* **BRIEF**
Repeat exactly the lines of the records below, starting at the line containing "Dennis Wehrmann, Elefantenmutter" and ending at the line containing "Erstaunlicher Morgensonnenstrahl im Wald". Leave the pictures out.

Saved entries
"""
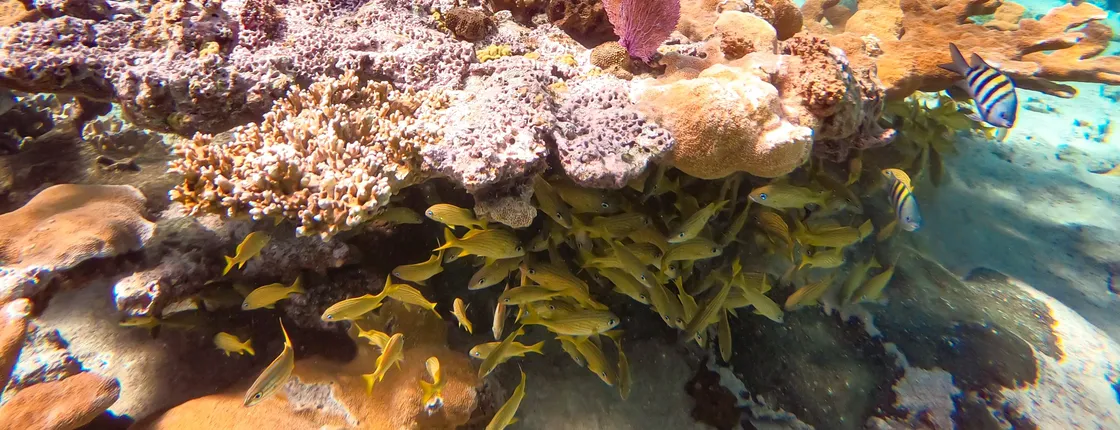 Pearl Island beach escape tour with lunch and snorkeling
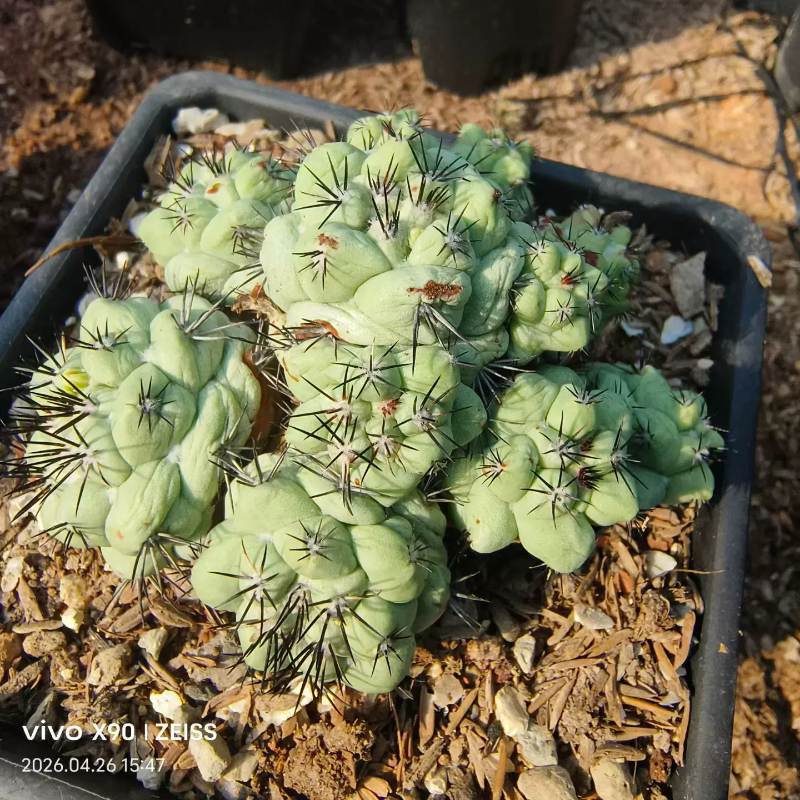 群生帝王丸大型种自根株已发根一物一拍可带盆发稀有品种多肉4/26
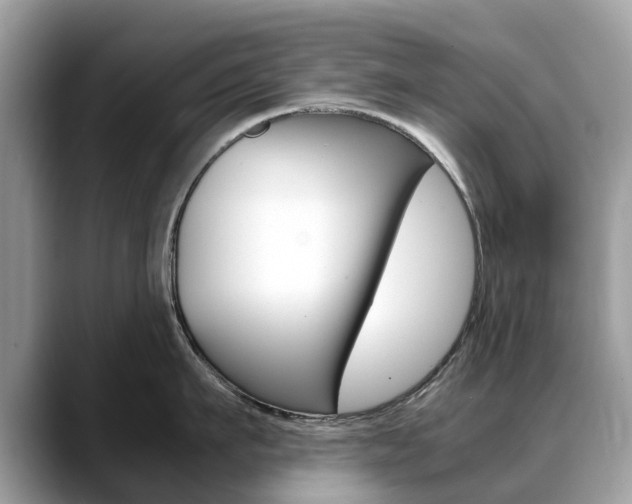 X0000088720911200705311054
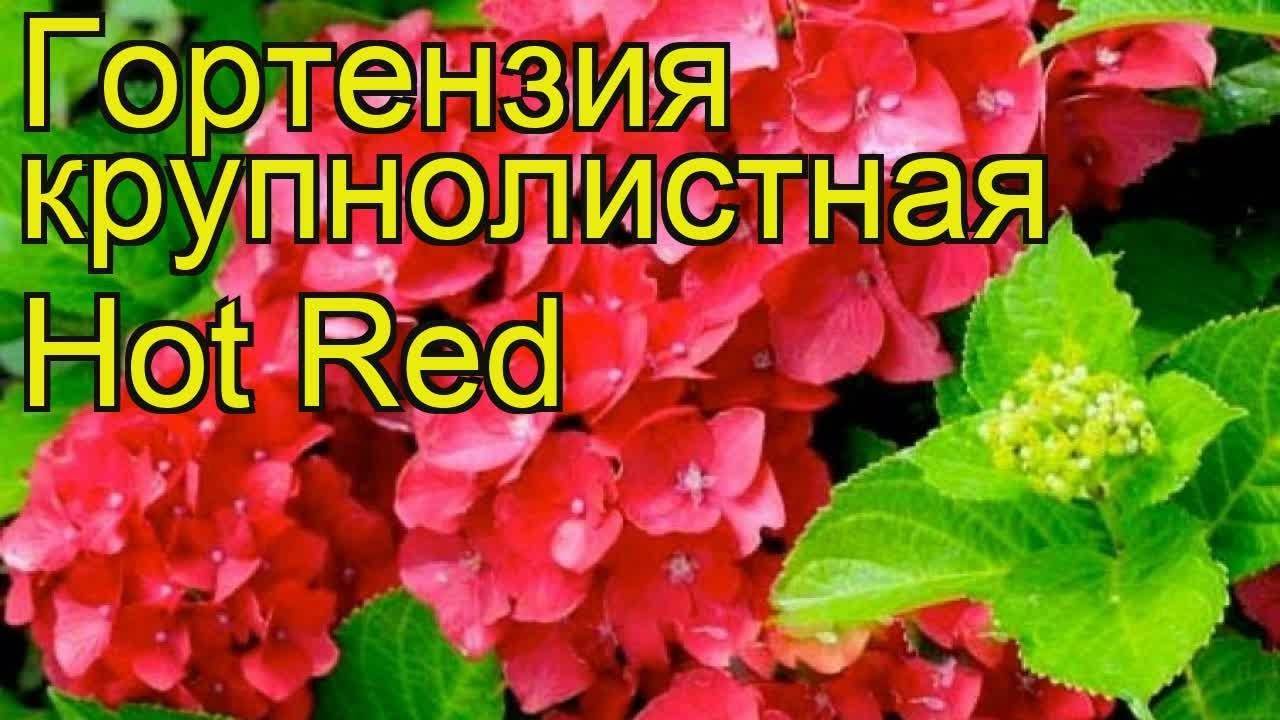 Гортензия крупнолистная хот ред фото и описание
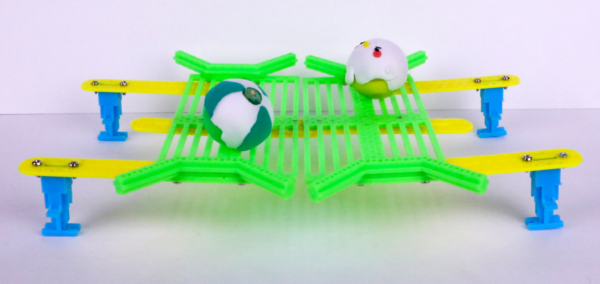Science Series - CM Kingdom Sumo Ring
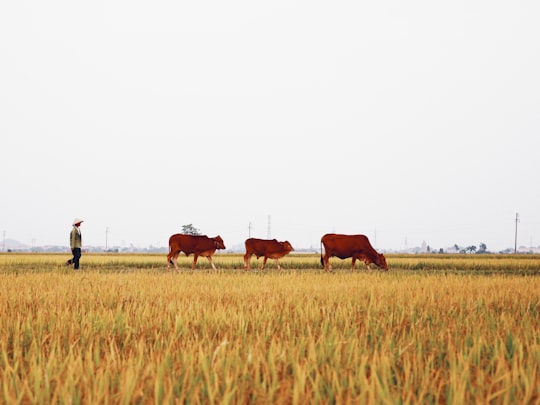 brown cow on brown grass field during daytime in Nam Định Vietnam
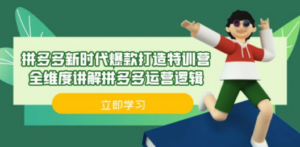 拼多多·新时代爆款打造特训营，全维度讲解拼多多运营逻辑（21节课）-九源吧网赚学院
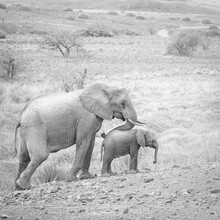 Dennis Wehrmann, Elefantenmutter mit Baby - Namibia, Afrika)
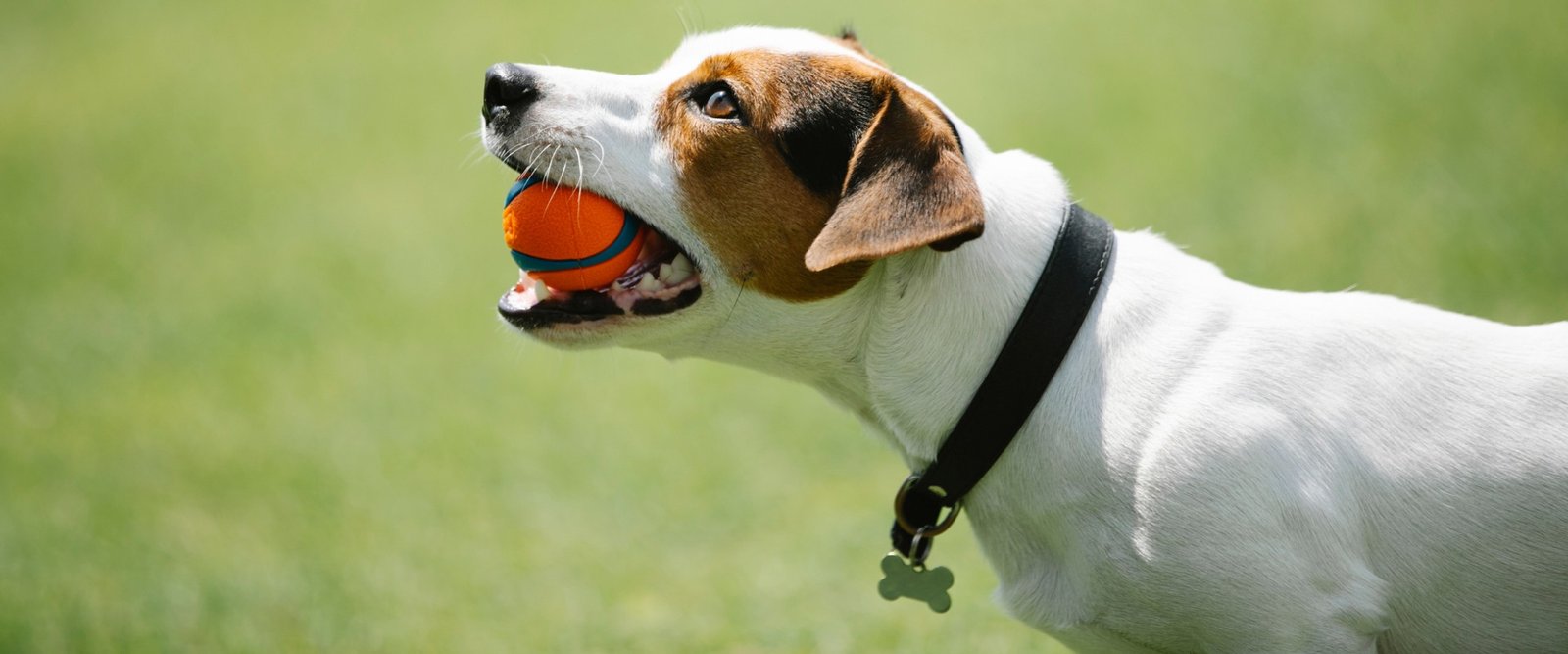 What Type of Collar Is Best for Dog Training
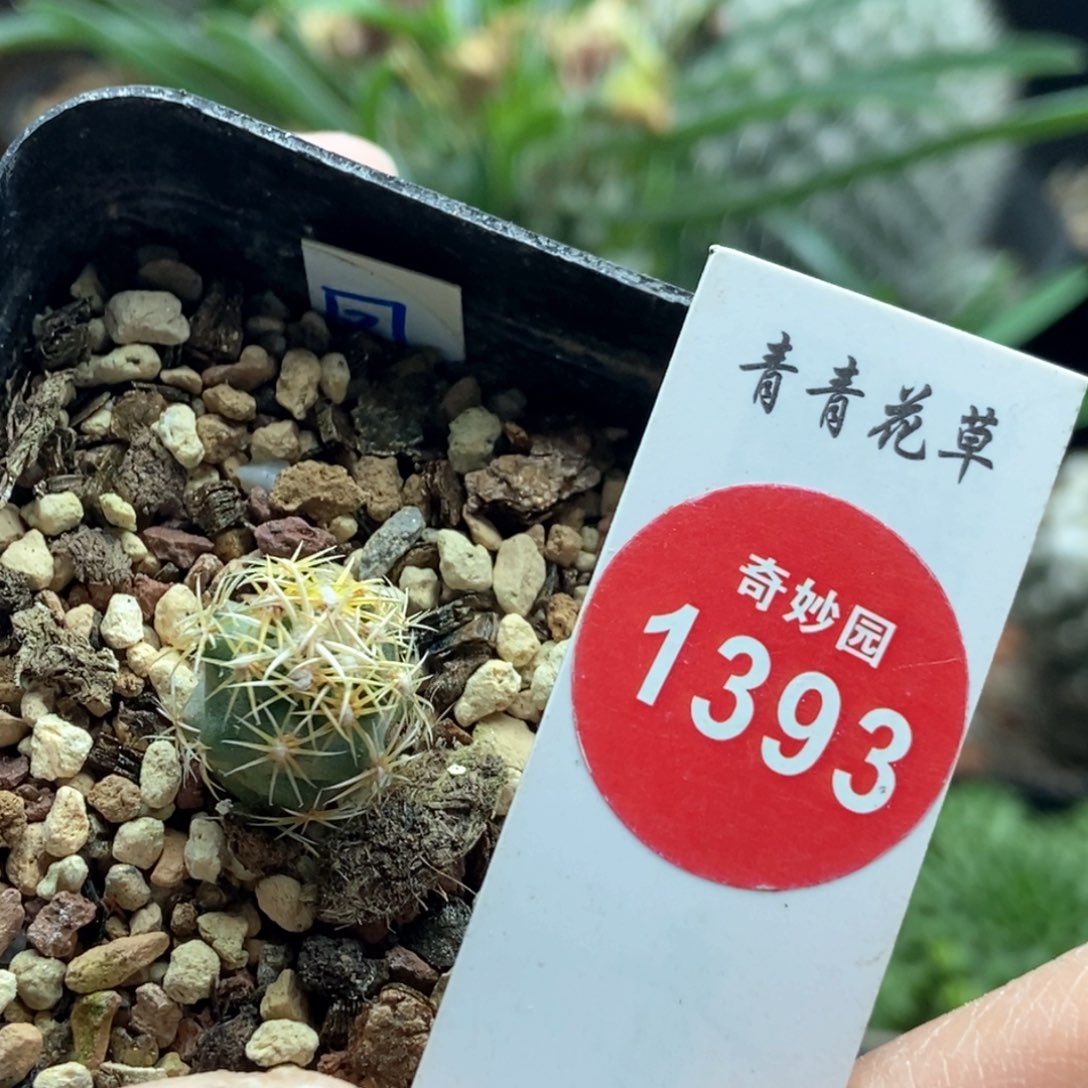 实生顶花凤舞1.3cm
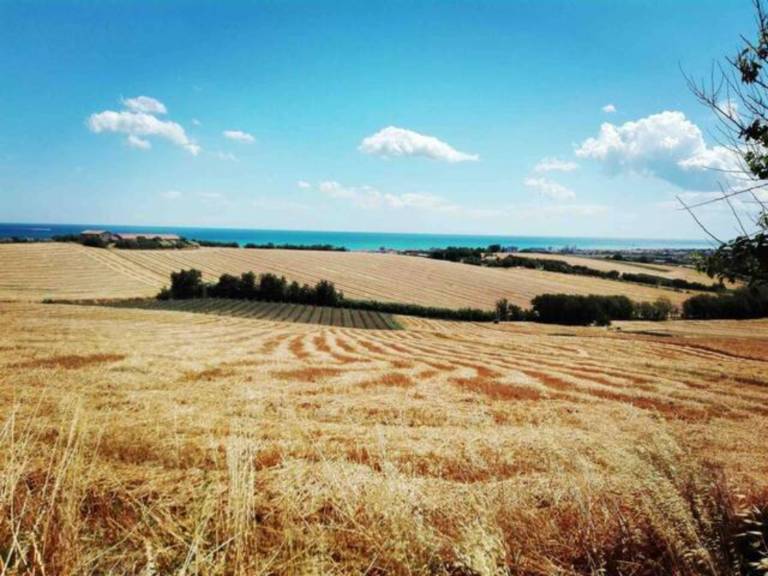foto40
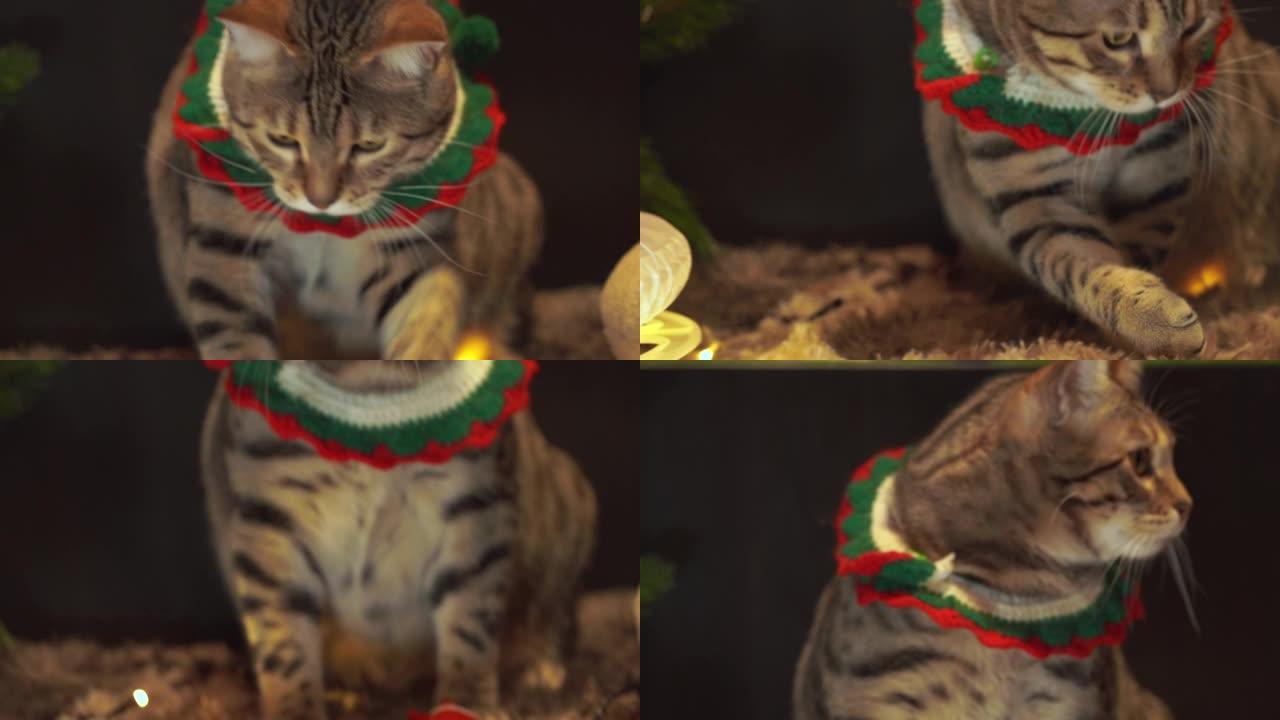 可爱的可爱的猫在圣诞服装玩圣诞玩具。美丽的特写肖像镜头。大眼睛。假期背景与冬天温暖的感觉。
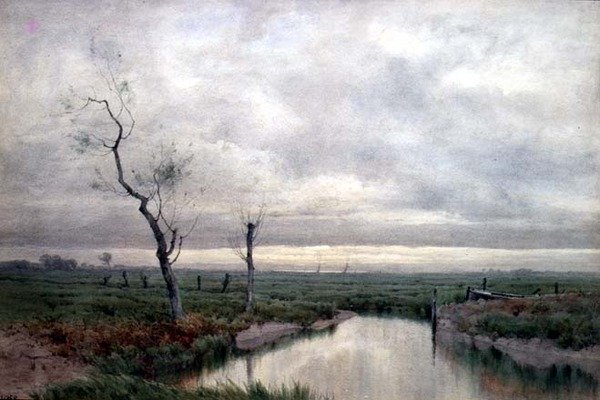 Pantanos costeros de Henry Farrer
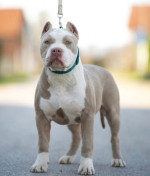American Bully  – fotka 3
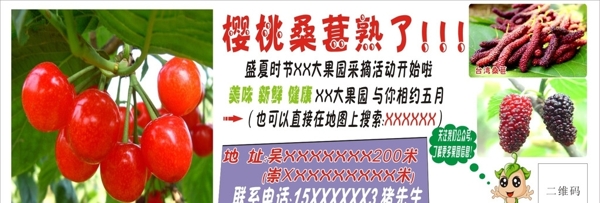 櫻桃桑葚噴繪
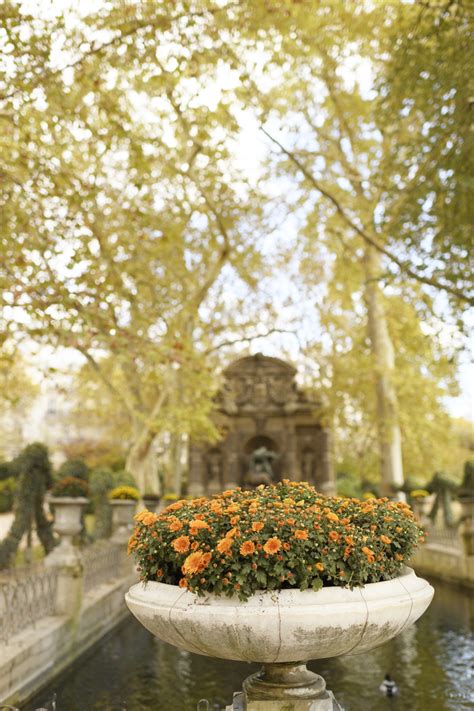 3 of the best places for autumn color in paris — Parisian Moments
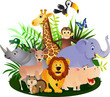 Animal cartoon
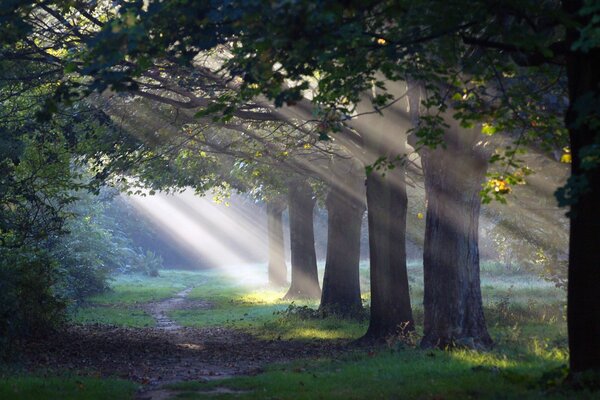 Erstaunlicher Morgensonnenstrahl im Wald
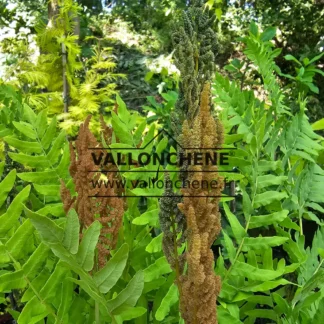 Foliage in spring of OSMUNDA regalis with male and female flowers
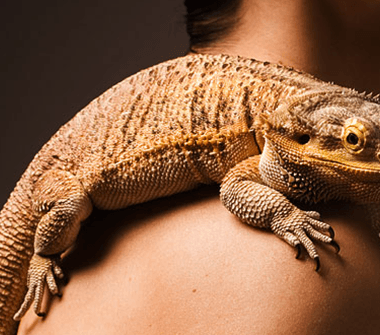 the_dangers_of_tanning-7-380x335-1 أخطار الإسمرار :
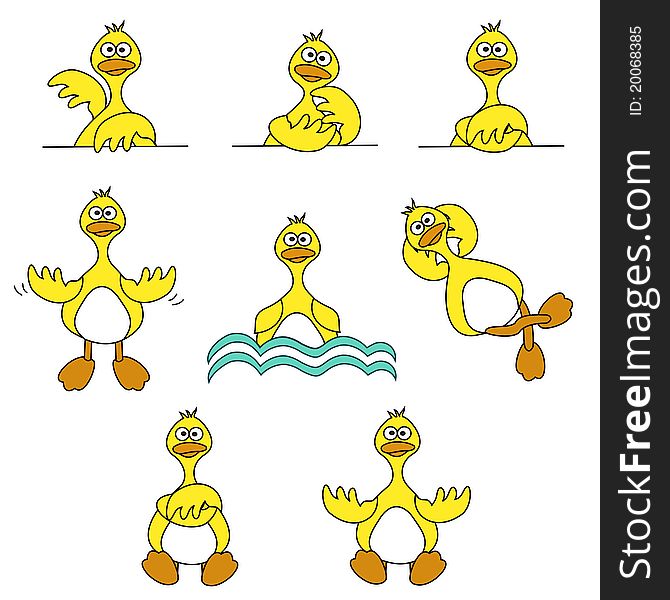 Illustration set of 8 cute cartoon ducks. Illustration set of 8 cute cartoon ducks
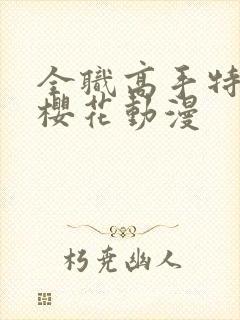全职高手特别篇樱花动漫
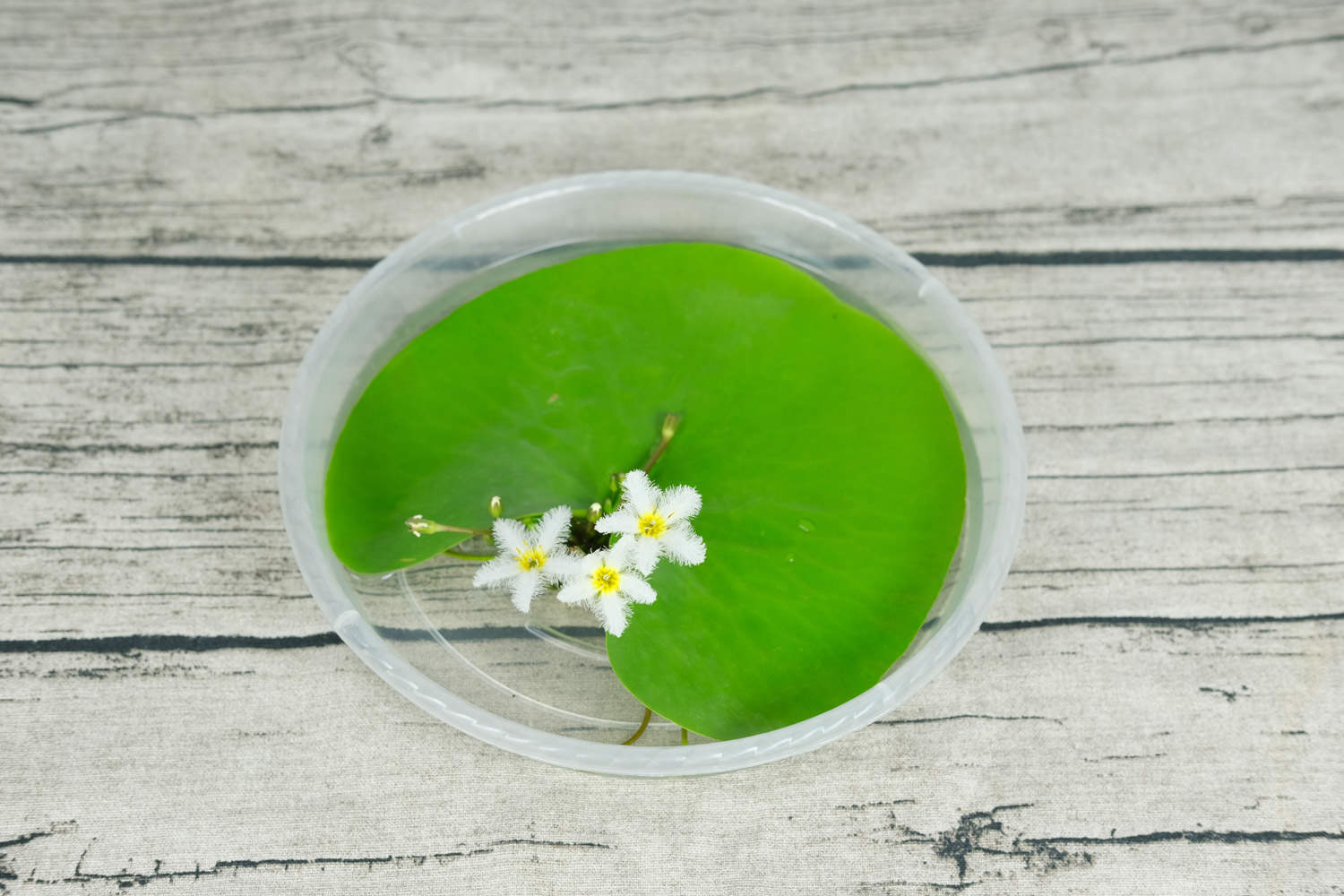 金银莲花——印度荇菜(图3)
"""
* **OUTPUT FOR THIS EXERCISE**
 Dennis Wehrmann, Elefantenmutter mit Baby - Namibia, Afrika)
 What Type of Collar Is Best for Dog Training
 实生顶花凤舞1.3cm
foto40
 可爱的可爱的猫在圣诞服装玩圣诞玩具。美丽的特写肖像镜头。大眼睛。假期背景与冬天温暖的感觉。
 Pantanos costeros de Henry Farrer
American Bully  – fotka 3
 櫻桃桑葚噴繪
 3 of the best places for autumn color in paris — Parisian Moments
 Animal cartoon
 Erstaunlicher Morgensonnenstrahl im Wald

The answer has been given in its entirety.